Jane Austen“In vain have I struggled. It will not do. My feelings will not be repressed. You must allow me to tell you how ardently I admire and love you.”
Jane Austen, Pride And Prejudice

Dear Reader,

I’m in love with a friend. I have been for almost 2 years. He doesn’t know, I didn’t know myself until recently. The worse thing that could possibly happen now would be him finding out. He must never know. How could I then claim to be his friend? How could I stay composed and retain my dignity in future meetings if every time he would always know it was an act, that my insides were really writhing at his every glance, my veins pulsating with excitement, and my head dizzying from oxygen deprivation as I forget to breathe. There are multiple occasions I can recall with the clarity of sight that love is infamous for imbuing the world with, whereby a brief locking of the eyes can be twisted and mutated into a plethora of meanings, each one more colourful than its predecessor (He took a special interest in what I ordered at the restaurant. He took pains to chastise me for a frivolous comment made). Yet the episodes that torment me more are the ones which tell me unequivocally that he does not love as he is loved (He ‘forgot’ to tell me the revised arrangements for a night out. He rarely instigates a meeting even though he expresses appropriate levels of excitement when it is mentioned. He is perfect).
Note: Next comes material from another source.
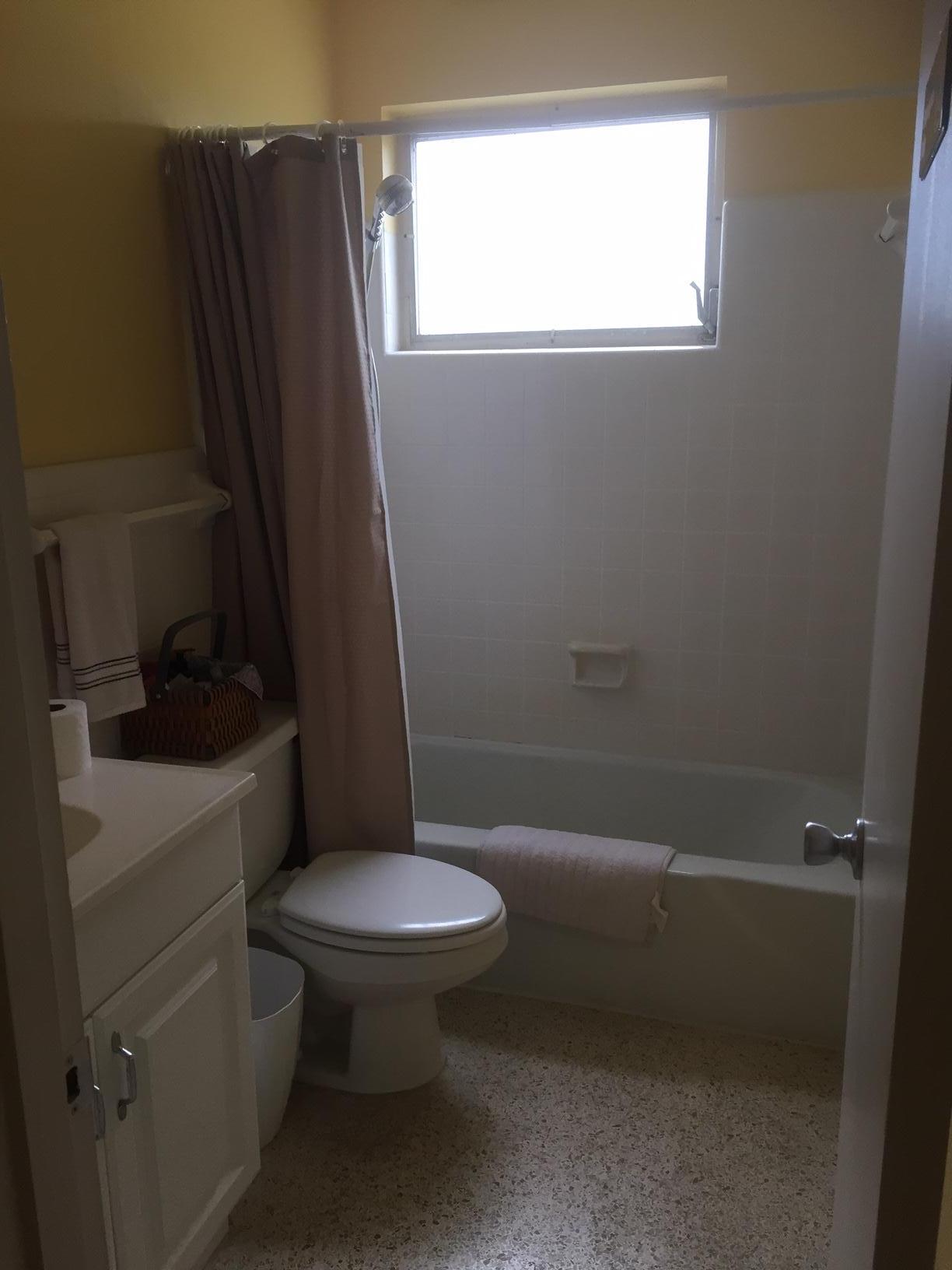 2141 B Road Loxahatchee, FL 33470 - Photo 9 of 21 Bath room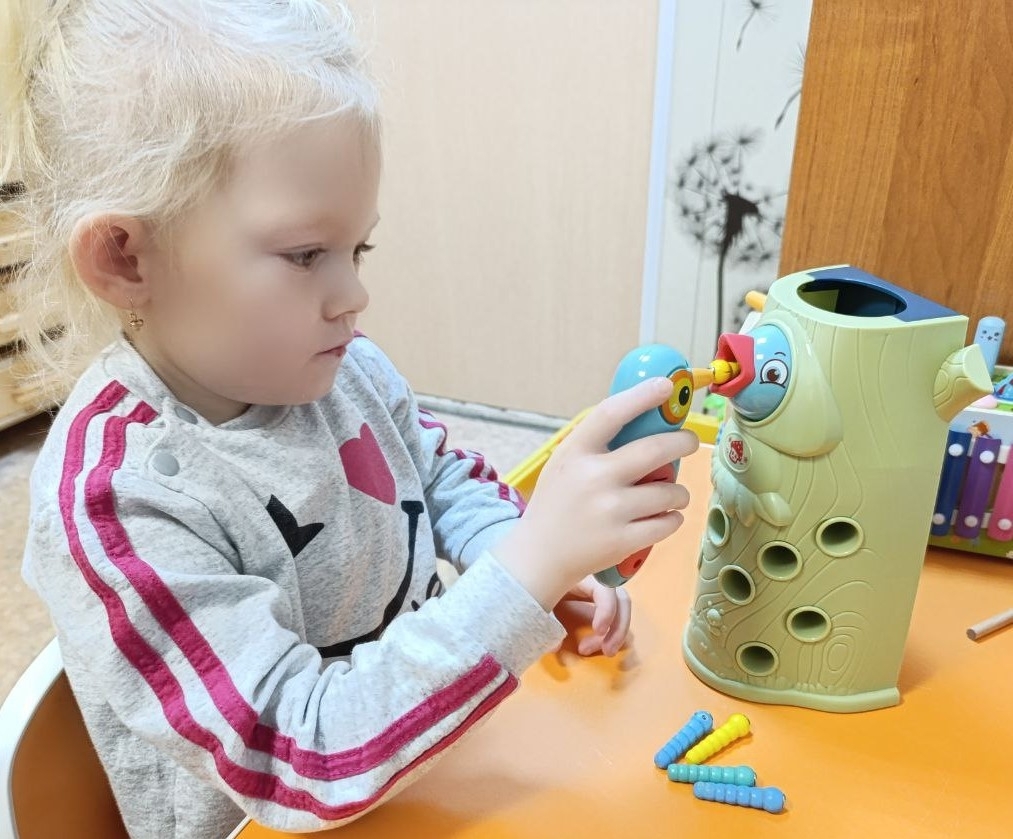 МАГНИТНАЯ РЫБАЛКА НА СТРАЖЕ РАЗВИТИЯ: КАК ПСИХОЛОГ ИГРАЕТ С ПОЛЬЗОЙ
What I am most scared of is not that he will not love me – and believe me this is a profound fear – but that this is not really love. I am scared that I have been whipped into a frenzy intoxicated by the pheromones of infatuation. What does it feel like? Those palpitations in my chest furiously competing with the ever angrier butterflies in my stomach anxious to be released, is that what love is? Nobody can tell me, all they say is you just know.

My voyage of emotions has taken me from complete indifference at the point of our first meeting, to romantic obsession. It was a serendipitous encounter and I am a fool for serendipity; he was being shown around my house by the landlord, I was fresh out of the shower and preparing for a night out. At first glance I mistook him for another friend, at second I reckoned I was in the presence of Mr Darcy. The pseudonym of Jane Austen’s most famous character relates equally to his resemblance aesthetically and allegorically too; he appeared in my doorway in a white shirt open at the top on account of the summer heat, his hair dark and his skin fair. As I appraised him in what I hoped was a cool manner, I felt unworthy in his eyes. I despised him from that moment because I couldn’t change the me I imagined he saw. Some time later I discovered the unbearable truth: he was not as I had hoped, a pompous, entitled villain, a shameless womanizer, an obnoxious twat, he was a good man: unassuming, generous and modest. How dare he. It took a tactical and conscious decision on my part to rescue myself from the crippling feeling of unworth by removing myself from a candidate position. I refused to allow him to make an option out of me because I was convinced of the inevitability of rejection. I thought I was freeing myself, not imagining I would have to face the truth of my feelings eventually. I had so thoroughly conned myself into a friend category to the extent that I tried to set him up with my closest friend: in my mind she was everything I was not and thus he would love her. The only result has been that liking him is yet another thing my friend and I have in common.

Standing at the precipice of my adult life I realise I no longer wish to cower where fear dwells. Rejection, unworth, acceptance, beauty, ego; these words skip around my head poking fun at me. I look to past situations and my hand instinctively raises to shield my heart. I don’t want to be made to look a fool. I am no Elizabeth Bennet, I’m not even a Bridget Jones but I am in love. It may not last forever but shouldn’t it at least be given a chance to start?